Sebelumnya disebutkan, untuk menjawab replik JPU (Jaksa Penuntut Umum) KPK tentang unsur penyelenggara negara atau pegawai negeri maka duplik mengutip ketentuan yang tertuang dalam dalam Pasal 1 ayat (1) UU Nomor 28 Tahun 1999 tentang Penyelenggara Negara yang Bersih dan Bebas dari Korupsi, Kolusi dan Nepotisme.
“Hal itu mengatur tentang Pasal 1 bahwa penyelenggara negara adalah pejabat negara yang menjalankan fungsi eksekutif, legislatif dan yudikatif, dan pejabat lain yang fungsi dan tugas pokoknya berkaitan dengan penyelenggaraan negara, sesuai dengan ketentuan peraturan perundang-undangan yang berlaku,” lanjut Meka.
Selanjutnya, kata Meka, dalam penjelasan umum UU Nomor 28 Tahun 1999 tentang Penyelenggara Negara yang Bersih dan Bebas dari Korupsi, Kolusi dan Nepotisme, butir 2 dan 3 dijelaskan juga bahwa sasaran pokok dari UU ini adalah penyelenggara negara yang meliputi pejabat negara pada lembaga tertinggi negara, pejabat negara pada lembaga tinggi negara.
Juga menteri, gubernur, hakim, pejabat negara dan atau pejabat lain yang memenuhi fungsi strategis dalam kaitannya dengan penyelenggara negara. Hal itu sesuai dengan ketentuan peraturan perundangan-undangan yang berlaku. Sebagai penyelenggara negara, tidak hanya melekat pada jabatan semata. Tapi juga mendapat hak dan kewajiban.
“Maka sudah sangat jelas dan terang bahwa terdakwa Eryk Armando Talla bukanlah penyelenggara negara. Sebab, terdakwa tidak memenuhi syarat dan unsur sebagai penyelenggara negara. Sesuai dengan ketentuan UU tersebut,” lanjut Meka.

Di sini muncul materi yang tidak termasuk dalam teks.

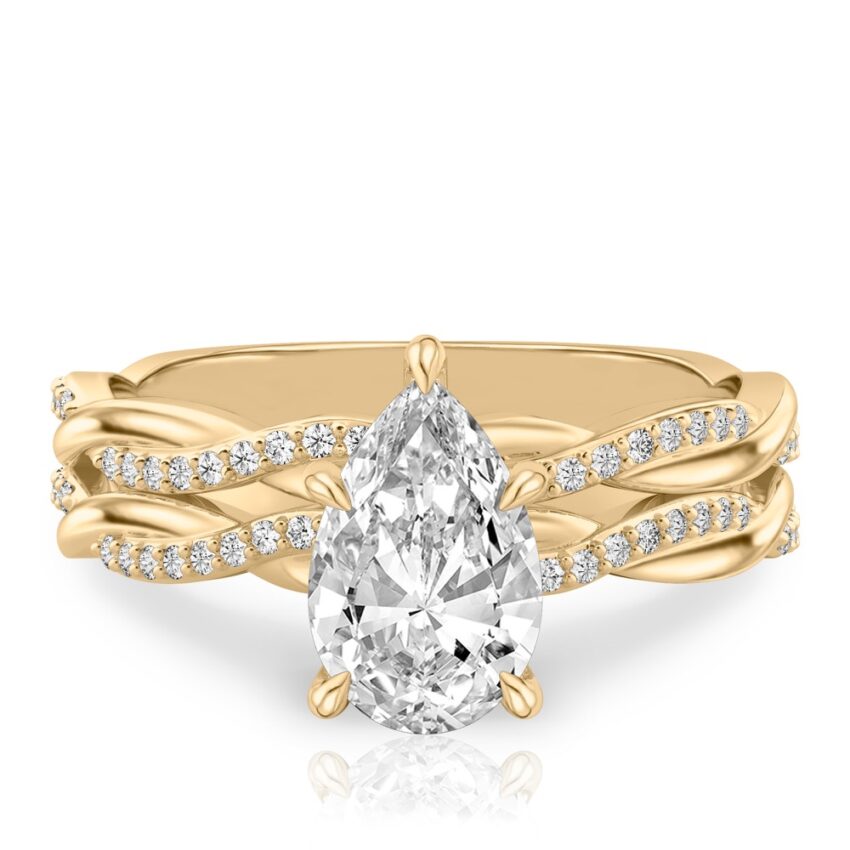 pear shape diamond twist hidden halo engagement ring set yellow gold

Terkait dengan teori penyertaan yang dikemukakan JPU, lajnjut Meka membacakan duplik, terlihat bahwa apa yang didalilkan oleh JPU adalah tidak tepat. Bahwa untuk pembuktian tindak pidana tersebut memang tidak masuk dalam pokok perkara yang dibantah.
“Namun yang kami bantah adalah dakwaan atau tuntutan JPU yang menyamaratakan setiap peran peserta tindak pidana. Padahal peran masing-masing peserta tindak pidana itu jelas-jelas berbeda,” kata Meka.
Sebelumnya, saat sidang penyampaian replik JPU, Selasa (6/4/2021) lalu disebutkan, terdakwa Eryk Armando Talla didakwa bersama-sama dengan Rendra Kresna (Nomor Perkara 84/Pid.Sus-TPK/2020/PN Sby). Yang memenuhi kualifikasi subjek hukum sebagai penyelenggara negara adalah Rendra Kresna. Sehingga tidak perlu bagi terdakwa Eryk Armando Talla harus memenuhi unsur pegawai negeri atau penyelenggara negara, baru perkara ini dapat dikatakan terbukti.
“Dalam perkara aquo, Rendra Kresna adalah pelaku (daader) yang mempunyai wewenng karena jabatannya sebagai Bupati Malang. Sedangkan terdakwa Eryk Armando Talla, merupakan pelaku penyerta yang mewujudkan sempurnanya delik,” kata JPU KPK Arif Suhermanto membacakan replik saat itu.
Maka terdakwa Eryk Armando Talla, lanjut replik JPU, merupakan orang yang melakukan kehendak Rendra Kresna dalam mengkoodinir mengenai pengkondisian pengadaan barang dan jasa pada Dinas Pendidikan Kab Malang.
Juga menjadi perantara (intermediary) dalam penerimaan uang untuk kepentingan Bupati Malang Rendra Kresna. Sehingga keduanya memiliki persamaan kehendak, sebagaimana diakui perbuatannya oleh terdakwa Eryk Armando Talla.